3) Par contre l'idée de parvenir à une théorie complète de l'univers, contrairement à ce qui est affirmé dans l'article de Eric MERGUIN: "Nous allons bientôt atteindre la certitude sur la question de l'origine de l'univers, car nous sommes sur le point d'obtenir la théorie finale complète, synthèse de la relativité, de la mécanique quantique et de la mécanique statistique. Nous connaîtrons bientôt la pensée de Dieu. " semble s'éloigner définitivement, car, à moins de consentir au présupposé hérité de Descartes dont nous venons de parler, et donc d'accepter le dualisme ontologique qui y est lié,il nous faut reconnaître que nos connaissances sont irrévocablement relatives à deux données évolutives. 

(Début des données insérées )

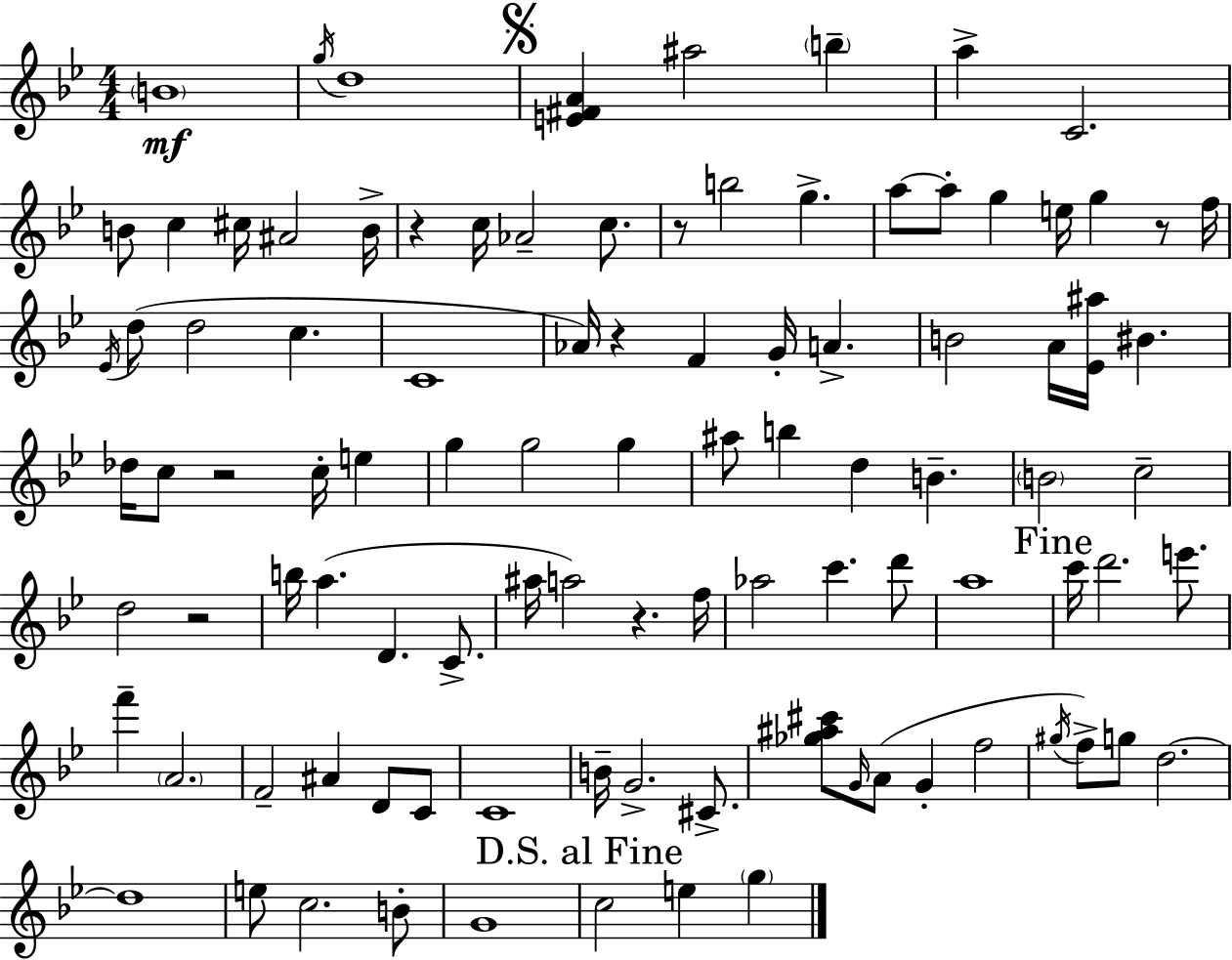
{
  \clef treble
  \numericTimeSignature
  \time 4/4
  \key bes \major
  \repeat volta 2 { \parenthesize b'1\mf | \acciaccatura { g''16 } d''1 | \mark \markup { \musicglyph "scripts.segno" } <e' fis' a'>4 ais''2 \parenthesize b''4-- | a''4-> c'2. | \break b'8 c''4 cis''16 ais'2 | b'16-> r4 c''16 aes'2-- c''8. | r8 b''2 g''4.-> | a''8~~ a''8-. g''4 e''16 g''4 r8 | \break f''16 \acciaccatura { ees'16 }( d''8 d''2 c''4. | c'1 | aes'16) r4 f'4 g'16-. a'4.-> | b'2 a'16 <ees' ais''>16 bis'4. | \break des''16 c''8 r2 c''16-. e''4 | g''4 g''2 g''4 | ais''8 b''4 d''4 b'4.-- | \parenthesize b'2 c''2-- | \break d''2 r2 | b''16 a''4.( d'4. c'8.-> | ais''16 a''2) r4. | f''16 aes''2 c'''4. | \break d'''8 a''1 | \mark "Fine" c'''16 d'''2. e'''8. | f'''4-- \parenthesize a'2. | f'2-- ais'4 d'8 | \break c'8 c'1 | b'16-- g'2.-> cis'8.-> | <ges'' ais'' cis'''>8 \grace { g'16 }( a'8 g'4-. f''2 | \acciaccatura { gis''16 } f''8->) g''8 d''2.~~ | \break d''1 | e''8 c''2. | b'8-. g'1 | \mark "D.S. al Fine" c''2 e''4 | \break \parenthesize g''4 } \bar "|."
}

          a) les moyens d'observation du réel  dont nous disposons et qui sont tels que nous ne pouvons prétendre que nous avons accès dès aujourd'hui à tous les phénomènes de la nature, et que nos lois rendent compte de la diversité de tous les phénomènes observables au sein de notre univers, qui d'ailleurs n'est peut-être pas le seul... A ce niveau les connaissances que nous avons - qui ne sont pas rien - nous font de plus en plus ressentir l'étendue de ce que nous ignorons. 
      b) Par ailleurs ces connaissances sont aussi relatives aux outils conceptuels ( concepts, mots...) dont nous disposons pour les formuler. Ceux utiles dans les théories de Newton ne sont pas les mêmes que ceux utilisés par la théorie quantique et le problème que pose la possibilité nouvelle que nous avons d'observer ce que nous appelons les phénomènes mentaux nous met en face justement de la difficulté que nous avons d'en rendre compte avec les concepts et les mots dont nous disposons. cf l'article "notes de lecture" citation de gazzanica page 143. "...De nouvelles règles s'appliquent quand de plus hauts niveau d'organisations émergent...La question est de savoir si nous pouvons nous appuyer sur ce que nous savons du niveau inférieur de la neurophysiologie sur les neurones et  les neurotransmetteurs pour arriver à un modèle déterministe prédisant les pensées conscientes, les productions du cerveau ou la psychologie... Comme lorsque logiciel et matériel interagissent, l'esprit est en quelque sorte une propriété indépendante du cerveau mais aussi complètement dépendante de lui. Je ne crois pas qu'il soit possible de construire un modèle complet du fonctionnement mental de haut en bas..." p. 143

et plus loin :

"...J'ai essayé de proposer une autre façon de voir ce dilemne ( déterminisme ou libre-arbitre). Mon argument est que toutes les expériences de la vie, personnelles et sociales, ont un impact sur le système mental qui émerge de nous. Ces expériences sont de puissantes forces qui modulent l'esprit. Elles influent non seulement sur notre cerveau, mais révèlent aussi que c'est l'interaction entre ces deux couches du cerveau et de l'esprit qui nous donne notre réalité consciente, ce que nous sommes dans l'instant présent. Démystifier le cerveau est une tâche des neurosciences modernes. Pour terminer ce travail, les neurosciences devront toutefois penser à comment les règles et les algorithmes qui gouvernent tous les modules séparés et distribués du cerveau agissent ensemble pour donner la condition humaine.
                            Comprendre que le cerveau fonctionne automatiquement et obéit aux lois de la nature est à la fois réconfortant et instructif. Réconfortant parce que nous pouvons avoir confiance dans le fait que ce système de prise de décision, le cerveau, possède une structure fiable pour décider des actions. C'est aussi instructif car cela révèle que toute cette question obscure du libre-arbitre est un concept mal agencé, fondé sur des réflexions sociales et psychologiques tenues à des moments particuliers de l'histoire humaine qui ne se sont pas confirmées ou sont en contradiction avec la connaissance scientifique actuelle de la nature de notre Univers..." (pp.238-239).













6 commentaires:

  1. "réside moins dans la possibilité de faire ou ne pas faire ce que j'entreprends, que dans le rapport que je peux entretenir avec ce que je fait"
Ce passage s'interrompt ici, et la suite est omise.